Minister of Justice George Chaponda, a Yale law school graduate, appeared on Capital Radio Malawi's Straight Talk program. Though flatulence was not the initial target of the bill, Chaponda agreed with the radio host that the legislation could essentially be interpreted as banning farting in public places and making it an official criminal offence. He then took the issue further with a call for social etiquette: "Just go to the toilet when you feel like farting".

Chaponda claimed that Malawi's farting problem was "not there during the time of dictatorship because people were afraid of the consequences. Now because of multipartism or freedom, people would like to fart anywhere". He added, "Nature can be controlled... it becomes a nuisance if people fart anywhere".

He added that the enforcement of such a law would be similar to laws banning urinating in public and would be treated as a minor offence.

===Solicitor General's interpretation===

Solicitor General Anthony Kamanga argued that the bill was not intended to include farting but instead, "fouling the air" was a reference to air pollution. He said fouling of the air can be done by burning tyres, rubbish and old computers or smoking, and thus spoiling the atmosphere of the neighbourhood.
Kamanga said "How any reasonable or sensible person can construe the provision to criminalizing farting in public is beyond me".

==Reaction==
When Reuters distributed the story, saying "farting in public will no longer be just rude and discourteous to others, it will now be a crime", it was quickly picked up by the foreign press.

===British media===
The bill received attention from British tabloids.
The Daily Mirror had the headline "Breaking wind is to become a crime in Malawi" and added "and it is already causing a stink".
The Daily Express headline was "Law that put the wind up for you... Malawi bans flatulence".
The Register added a sub-headline: "Clampdown on undisciplined bowels".

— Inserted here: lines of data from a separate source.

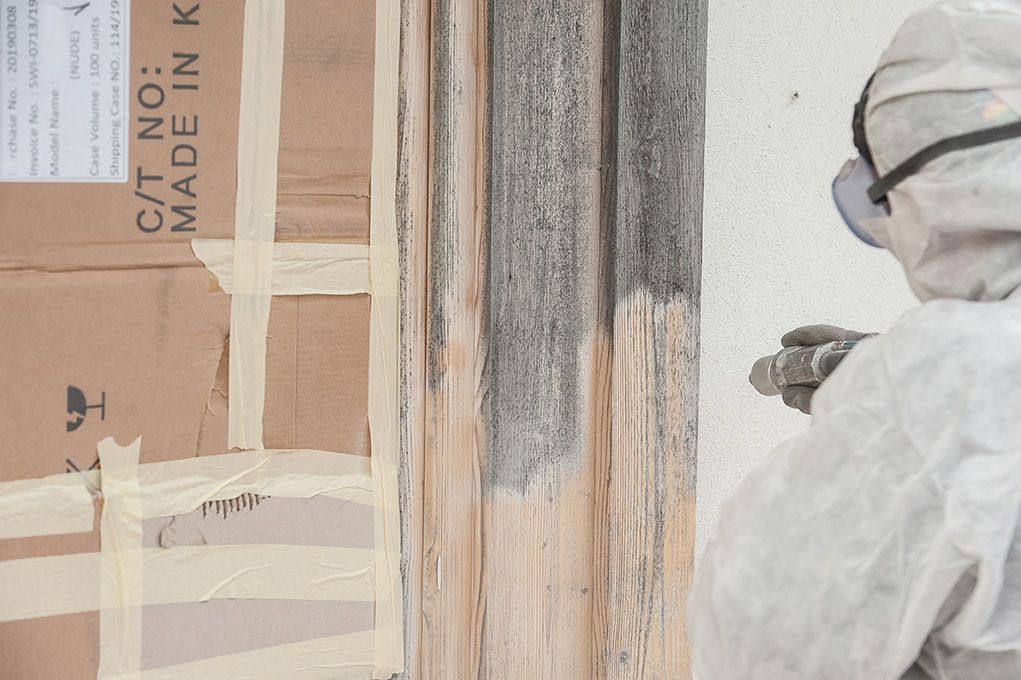 A person in a protective suit is painting a piece of wood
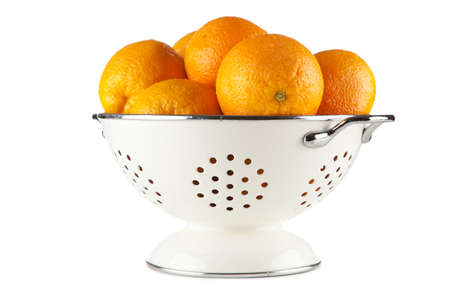 Fresh oranges in a colanderの写真素材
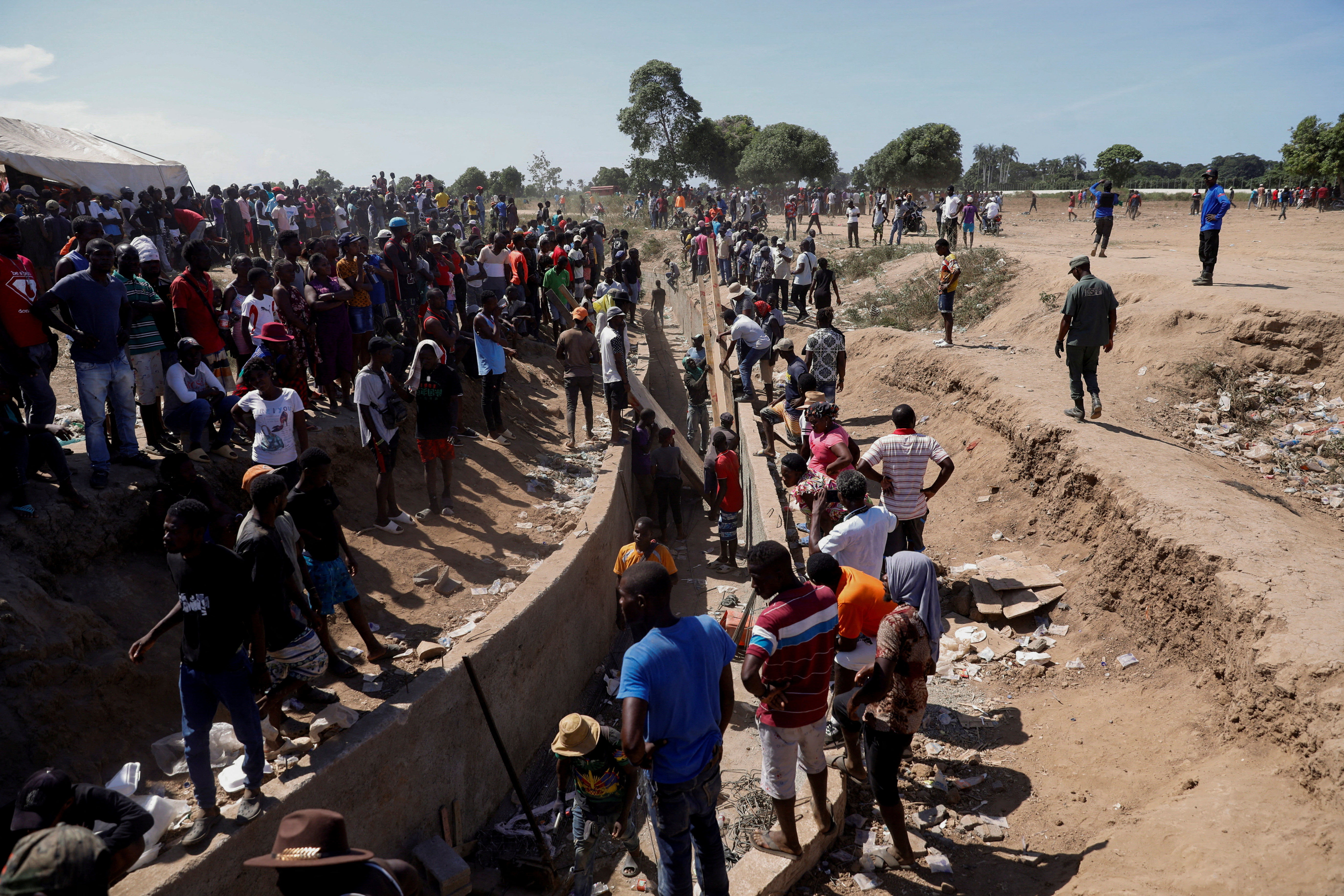 Haitians work on the construction site of a water channel from the Massacre river, a river shared between Haiti and the Dominican Republic, after Dominican President Luis Abinader announced a total border shutdown amid a conflict over the construction of the channel, in Ouanaminthe, Haiti September 15, 2023. Seen from above, the canal workers are numerous. They shape a curved pathway through the brown dirt for water to eventually flow.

===Chaponda's retraction===
On 4 February 2011, the BBC reported that the Solicitor General Anthony Kamanga had contradicted Chaponda, saying the legislation referred to other forms of pollution. Reporting the controversy, The Registers story was headed "Big stink over Malawi farting ban: Solicitor general challenges trouser cough clampdown".

Later, Chaponda retracted his remarks, saying he had not read the proposed bill before commenting.
The head of Capital Radio, which had aired the interview, signed an agreement with the government on 14 February 2011 in which the media committed to refrain from reporting stories that would destroy the image and credibility of the country.
Chaponda also notes that the media misunderstood him and the laws. He noted that the reporting of this bill was a reflection of media trying to discredit the Bingu wa Mutharika government.

==Political fallout with media==
The farting legislation led to further tension between the Malawian press and the Bingu wa Mutharika administration. Relations between the press and the Mutharika administration were strained due to the passage of a publications law that restricted press coverage. The press saw it as a part of on-going attempts by the Mutharika administration to crack down on press and limit democracy during his second term in office. The government saw the reporting as a direct attempt by the Malawian media to discredit and embarrass the Bingu wa Mutharika administration.

===Media government agreement===
Following the flatulence issue's international headlines, Malawi President Bingu wa Mutharika signed legislation that allowed the Malawi government to ban publications it deemed "contrary to the public interest". This nationwide media suppression led to widespread frustration among citizens and contributed to the 2011 Malawi Protests.